%%

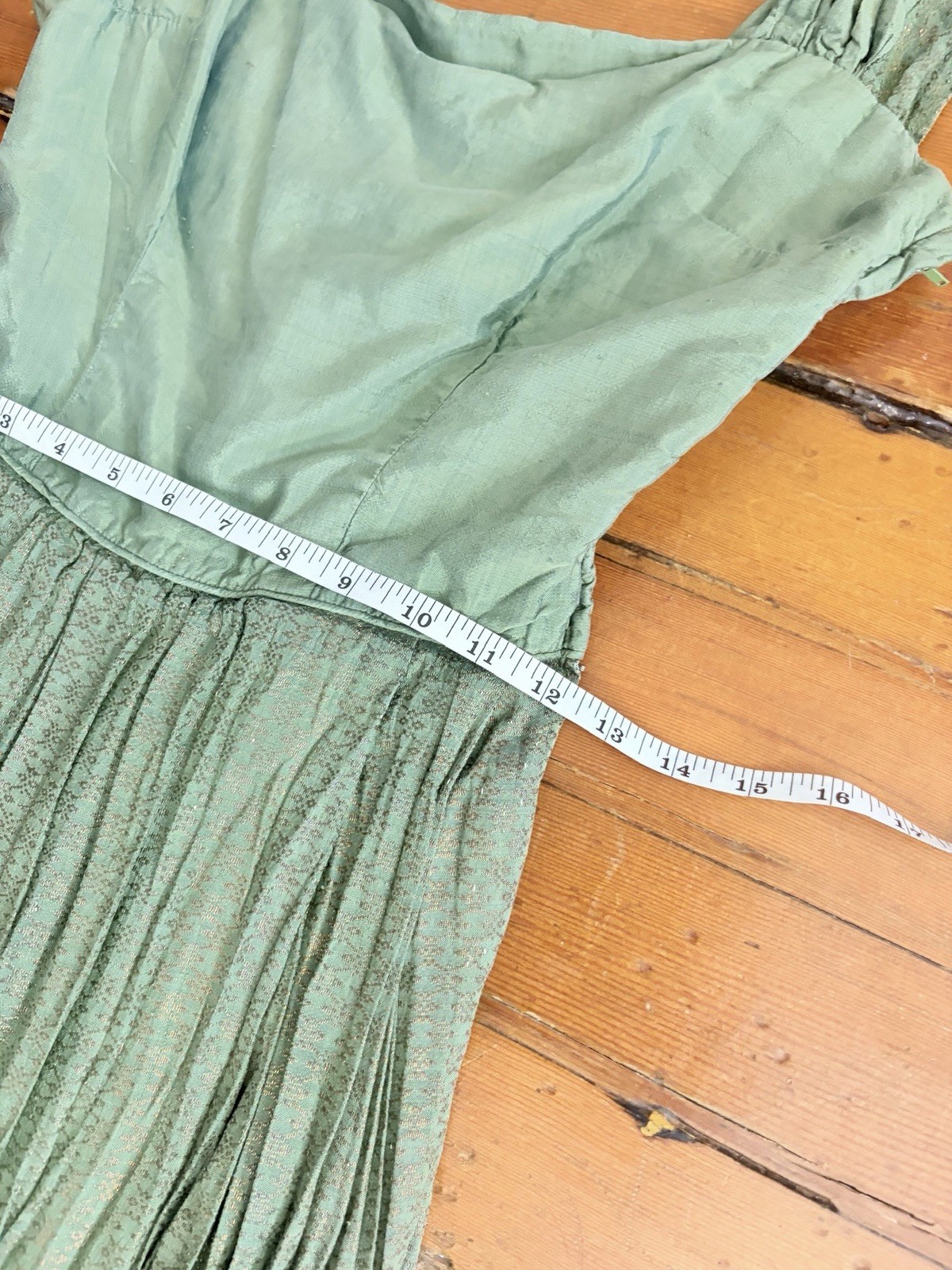 40s 50s Couture/Custom Made Gold Lamé Cocktail Dress Boning Old Hollywood XS
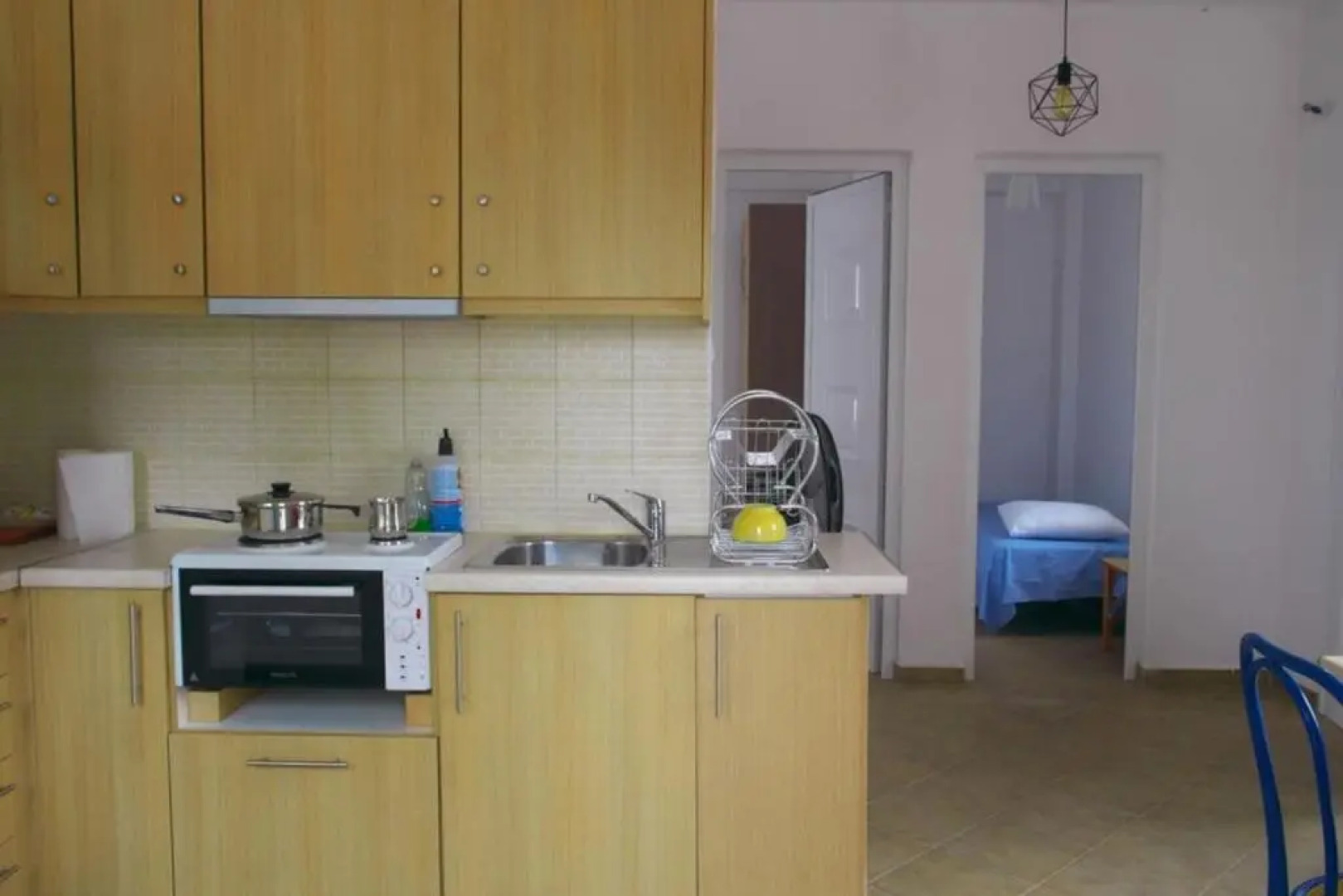 Apartment with sea view and balcony 60m from beach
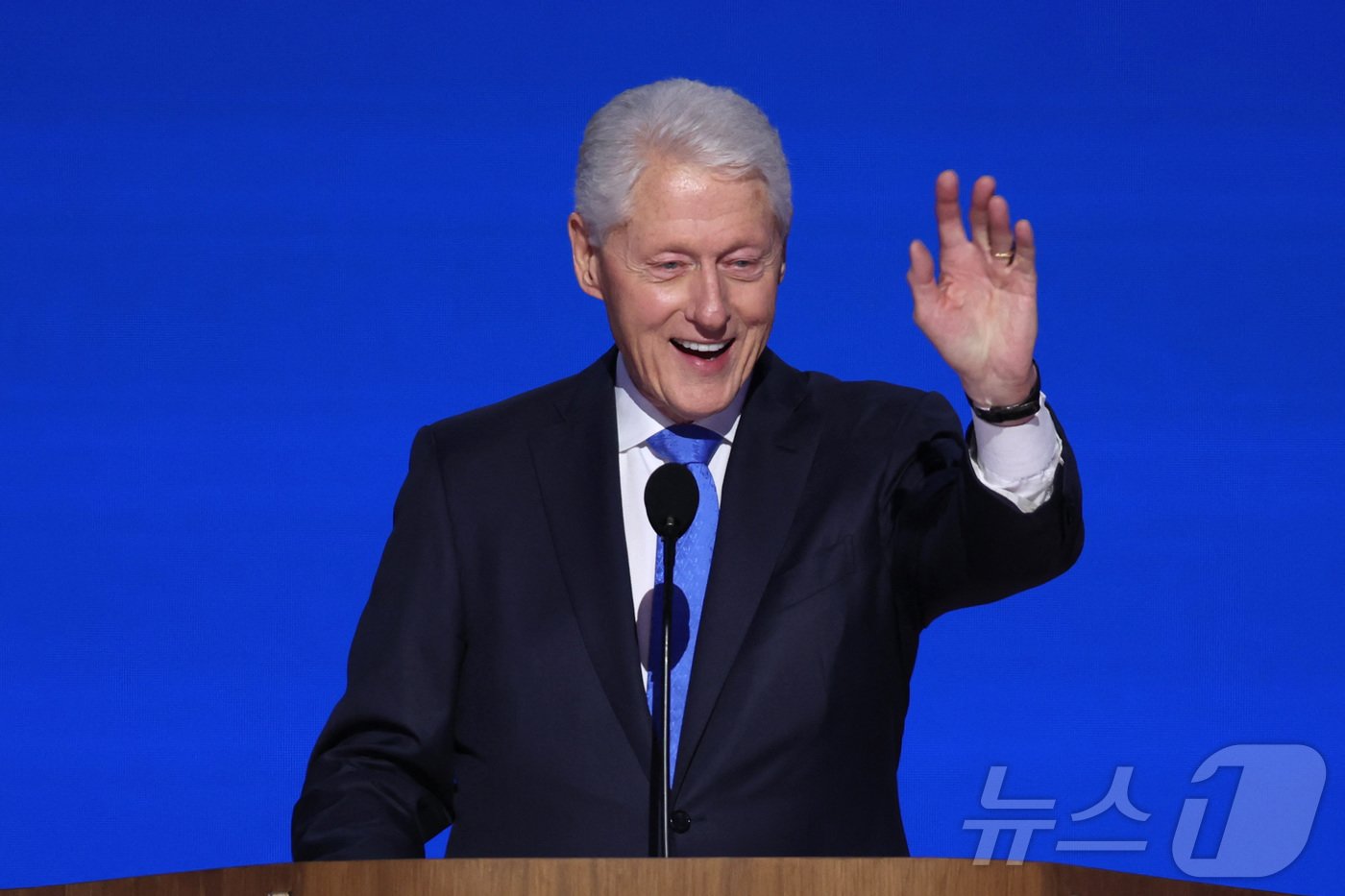본문 이미지 - 클린턴이 손을 흔들며 청중의 환호에 답하고 있다. ⓒ 로이터=뉴스1 ⓒ News1 박형기 기자
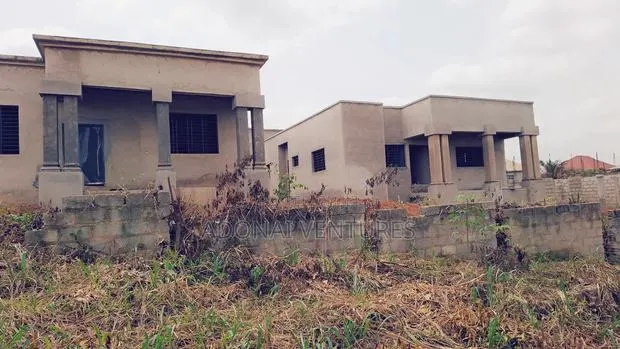 13bdrm House in Sokoban Bekwamin, Kumasi Metropolitan for sale · Photo 1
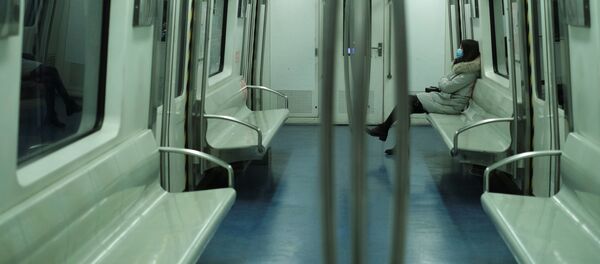 Девушка в маске в метро в Пекине Девушка в маске в метро в Пекине - Sputnik Молдова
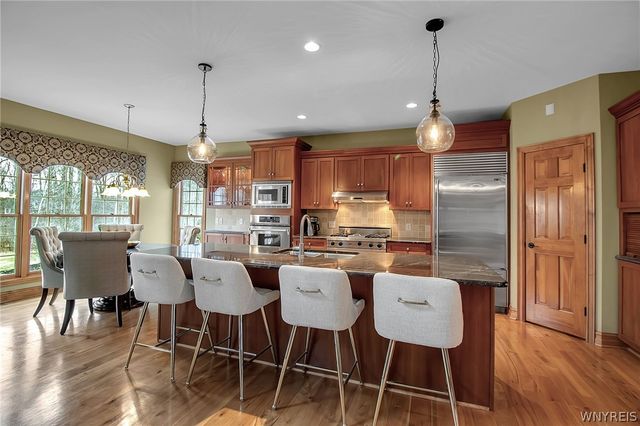 6555 Ashford Court, Clarence, NY 14051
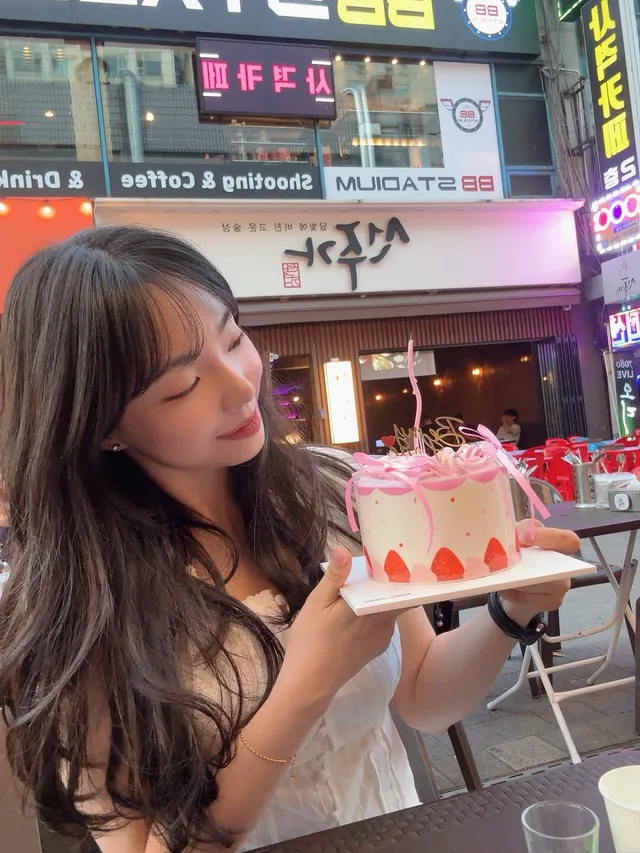 오늘은 첨으로 스레드에 일상 이모저모
생일이라 축하가 감사하면서도.. 
올공이 걱정되는 1인,,
올공의 숲은 괜찮나여.. 충전해서 갈게요🇰🇷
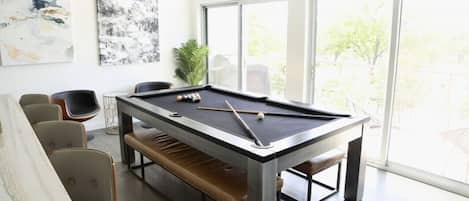 Pool table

%%

=== Directions for this task ===
Every line in the data above needs to be given again exactly, pictures aside.

=== Completed task ===
 40s 50s Couture/Custom Made Gold Lamé Cocktail Dress Boning Old Hollywood XS
 Apartment with sea view and balcony 60m from beach
본문 이미지 - 클린턴이 손을 흔들며 청중의 환호에 답하고 있다. ⓒ 로이터=뉴스1 ⓒ News1 박형기 기자
 13bdrm House in Sokoban Bekwamin, Kumasi Metropolitan for sale · Photo 1
 Девушка в маске в метро в Пекине Девушка в маске в метро в Пекине - Sputnik Молдова
 6555 Ashford Court, Clarence, NY 14051
 오늘은 첨으로 스레드에 일상 이모저모
생일이라 축하가 감사하면서도.. 
올공이 걱정되는 1인,,
올공의 숲은 괜찮나여.. 충전해서 갈게요🇰🇷
 Pool table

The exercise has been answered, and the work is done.